Still, Dr. Brown and other scientists aren't much worried about mad cows because their animal studies show spongiform disease is very hard to transmit orally. Eating huge doses of the agent is required. Perhaps the mad cows got such doses "every time they went to the feedbag," says Dr. Brown. Kuru victims apparently consumed similar mega-doses. And so may have Max.

He was a Siamese cat in Bristol, England, that died last spring. Examining his brain, a veterinarian found a telltale sponginess, sparking another round of panic in the U.K. about spongiform disease. Now more than 10 British cats have died of it, suggesting brains from infected sheep or cows got into cat food.

Meanwhile, yet another spongiform outbreak has occurred, this time among northeastern Pennsylvanians. The cluster of more than a dozen CJD cases "isn't an epidemic" and appears to have topped out in 1989, says Brian Little, an Allentown neuropathologist leading a study of it. But it is worrisome because, like the Slovakian outbreak, it suggests a common underlying cause that could strike again.

During the past few months, the NIH team, working with Dr. Mitrova, has found a thread that for the first time may link many such CJD cases. The discovery began when the scientists ferreted out a genetic defect in two U.S. brothers who had died of CJD. In itself, that was nothing new. Scientists have long known that CJD runs in some families and therefore suspected a genetic problem.

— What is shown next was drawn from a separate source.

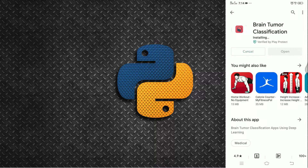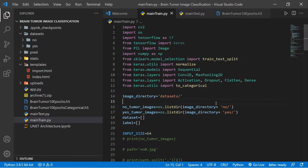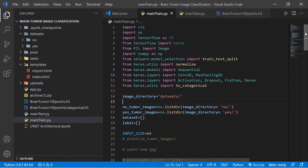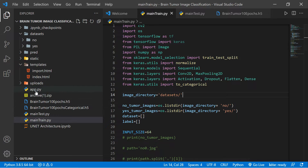Without further ado, let's get started and jump into the code. As you can see, this is the existing code from part two. We are going to build the web app. You can see the main train dot py file, and inside this file is all the code for building the model from scratch in part one. If you missed it, the link is in the description — please check it out, otherwise you won't understand the code very well.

But Dr. Brown's excitement grew when three other, unrelated CJD victims were found to carry the same genetic defect. "On a flyer," he says, "I called relatives of the victims and struck gold." They were all of Eastern European descent, suggesting people of similar ancestry might carry the gene. Drs. Brown and Gajdusek knew just where to look for such people. They grabbed a plane for Czechoslovakia.

Since then, the team has confirmed that many of the Slovakian CJD victims, and a cluster of Libyan-born Jews whose tissues were preserved, carried the defect. The findings suggest one of two things: Either the defect alone produces the deadly agent or it predisposes its carriers to get CJD when they are exposed to the agent. The findings have opened the door for early diagnosis and possible prevention of CJD.

But they also have introduced a new riddle, says Dr. Gajdusek: Why has the genetic defect, which has apparently existed for decades in some Eastern Europeans, turned deadly only in the past 15 years or so? "Essentially, we're stuck with another paradox," he adds. "But there's nothing else worth working on in science."